Membicarakan tentang nama, pasti tak akan luput dengan panggilan atau sebutan. Namun jika kita mau meniliknya kembali di KBBI pasti ada definisi yang lain dari nama itu, yaitu nama bisa berarti gelar atau kemasyhuran.
Dewasa ini, ketika kita mendengar kata nama, kita pasti lebih condong menyadari kata nama tersebut dengan arti gelar, seperti “si A ini mempunyai nama di tempatnya”, tapi hal ini hanya akan dimengerti oleh orang-orang dewasa saja.
Perlu diketahui, saya menulis ini memang saya tujukan bukan untuk kalangan umum, apalagi bayi. Namun pada pembaca yang mengerti saja.
Perspektif dan mindset seseorang pada sebuah objek atau suatu hal memang berbeda-beda, namun ketika mindset seseorang salah kita bisa meluruskannya. Seperti anak kecil yang membutuhkan arahan dan bimbingan dari orang tua. Seperti itulah ibarat seseorang yang salah mindsetnya menurut perspektif saya.
Ketika seseorang mempunyai nama (gelar), apakah pernah dalam benak kalian untuk memikirkan bagaimana mendapat gelar tersebut? Ya, memang tergantung dari gelar apakah yang didapatkan itu, kalau gelar maling memang tidak perlu difikirkan bagaimana cara mendapatkannya. Gelar adalah suatu jabatan atau semacamnya yang dapat membawa seseorang menjadi dikenal orang.
Mendapatkan gelar memang terkadang bisa semudah seperti membalikkan telapak tangan, seperti ketika ia adalah anak seorang raja, bangsawan atau gelar-gelar tinggi lainnya. Tapi bukan itu yang dapat dijadikan tolak ukur seseorang baik atau tidaknya dalam sebuah kepemimpinan itu. Karena didalam sebuah gelar terdapat sebuah tanggung jawab besar yang harus ditunaikan meskipun itu hanya gelar seorang ayah yang bertanggung jawab pada keberlangsungan keluarganya.
Dimana seseorang bersedia mendapatkan gelar, berarti ia bersedia menunaikan tanggung jawab atas gelar tersebut. Tapi jamak orang berprasangka pada orang-orang yang mencari gelar adalah orang tidak baik. Sebelum lebih dalam lagi, perspektif seperti ini harus diluruskan terlebih dahulu.
Mengingat kata bijak “kebaikan yang tidak terstruktur akan kalah dengan kejahatan yang terstruktur” dan untuk mengantisipasi hal demikian, maka orang baik akan maju untuk unjuk diri guna berlomba mendapatkan gelar tersebut.

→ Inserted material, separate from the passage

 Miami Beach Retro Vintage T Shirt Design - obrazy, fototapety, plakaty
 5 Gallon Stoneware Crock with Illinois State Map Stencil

Jika kita membahas tentang gelar, pasti tak luput juga dengan dunia perpolitikan, dunia yang penuh dengan tindak korupsi, kolusi dan nepotisme, mungkin seperti itu kebanyakan orang mengartikan tentang politik. Dan jangan kaget jika warga kita selalu berburuk sangka dengan politik, mengingat para politisi kita yang terjerat kasus korupsi telah mencapai taraf internasional. Cukup tutup telinga saja dan pejamkan mata rapat-rapat.
Pertanyaannya, Bagaimana jika kita termasuk orang-orang yang mencari gelar tersebut ? sudah siapkah Anda menyajikan alasan terbaik untuk menjawabnya ? atau mungkin Anda termasuk orang-orang yang kontra juga dengan orang-orang yang mencari gelar, berarti Anda tidak mau menjadi pemimpin. Karena perspektif negatif tentang perpolitikan mengindikasikan bahwa seseorang tidak mempunyai mental untuk menjadi seorang pemimpin. Karena jika kita menginginkan sesuatu maka kita harus menyukainya terlebih dahulu.
Di dalam suatu perkumpulan individu atau sering kita sebut dengan organisasi membutuhkan yang namanya seorang pemimpin, jika tidak ada maka sedikit demi sedikit organisasi akan terbelakang dan vakum. Dan untuk mengantisipasinya maka harus ada seorang pemimpin untuk menghidupkan kembali organisasi itu, meskipun seorang pemimpin tersebut masih perdana dan masih sepi pengalaman, hal itu tidak menjadi masalah selama dalam sebuah organisasi masih mempunyai anggota yang dapat berkordinasi dan saling tukar fikiran dengan anggota yang lainnya.